RIPLEY – Come shake the hands of the last six WWII veterans of Tippah County. Don’t miss this valuable opportunity to meet and talk with men from the greatest generation.
Duane Bullard, a local historian and author, will host a social gathering for Tippah County WWII Veterans on Monday, Nov. 11 from 8 a.m. – 9:30 a.m. at The Peoples Bank in Ripley.
WWII veterans, Andrew Carter, Roy Hodges, Carl Lee Nance, T.C. Mauney, Felix Jones, and E.J. Murley, will be honored at the affair. Refreshments will be served. The public is invited to attend to meet and talk to these veterans about their experiences and show their gratitude for their service.
“I want the public to come, shake their hand, and let them know that they are still remembered,” said Bullard.
Bullard has been a voice for WWII veterans and the sharing of their stories since 2004. Following the death of his dad, Herman Bullard, a WWII disabled veteran, Bullard remembered his promise to his dad to do something to honor him and felt like God was leading him to hold a matter in which veterans from World War II would be recognized.
In December of 2004, Bullard started his investigation and discovered 76 veterans still living in Tippah County. He researched to find as much information as he could about the veterans and was disheartened to find that 16 of the 76 veterans had already passed away by mid-January.
“I knew I had to act fast and get letters out to the 60 veterans still left,” said Bullard. Bullard sent out letters inviting the veterans to meet him and tell their stories, but got no response. Bullard was puzzled. “I did not understand why; I was just trying to interview them and get their stories out there so that their grandchildren and future generations would know of all they had done for us and what they had given up-- the sacrifices they had made,” explained Bullard.
Bullard sought out a fellow Rotarian, Raiford Long, who was a WWII veteran of the US Navy. “I knew he was one of my 60 veterans, so I asked him why he was not coming in and talking to me. He replied that he had never told anyone about it. He didn’t think it should be talked about. So, I explained to him about letting future generations know and hear his stories. I was not prepared for what I was about to hear. He agreed to come in and talk with me for about 10 minutes. Two and half hours later I had a video of him sharing his stories.
“He was my cheerleader from that point on and went out and recruited for me. I had five people the next few days ready to talk. I was overwhelmed listening to the stories. The veterans were emotional telling their stories of 60 years ago and I was emotional hearing the stories. I told my wife that these stories were going to kill me, I was just not prepared. I had to do a little soul searching and praying to prepare myself to be able to further listen to their stories. Wonderful stories, just amazing. I then told my wife that I couldn’t stop at 10 veterans, I couldn’t stop until I had them all. I was able to get 53 WWII veterans, six veterans totally refused. One wouldn’t tell his stories, he had such terrible stories, and that was Dr. Martindale,” said Bullard.

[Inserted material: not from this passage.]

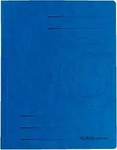 Herlitz 10902880, herlitz 10902880 Schnellhefter A4 blau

“After that I decided that I would do a banquet. I asked the veterans to bring their memorabilia. I could not believe we had about 100 yards of memorabilia. People from all over Mississippi attended the banquet. We had an attendance of over 800 people. People wanted to hear the stories,” said Bullard.
Bullard had not only honored his dad’s memory but in having the WWII veterans tell their stories, helped to save a part of history.
Copies of the videos documented by Duane Bullard can be found at the Library of Congress in Washington, DC, The Mississippi Armed Forces Museum at Camp Shelby in Mississippi, and The National WWII Museum in New Orleans. One feature at The Mississippi Armed Forces Museum is that a person’s name can be entered and then his stories listened to.
Bullard encourages everyone to come Monday to meet and talk to some of the men from the greatest generation.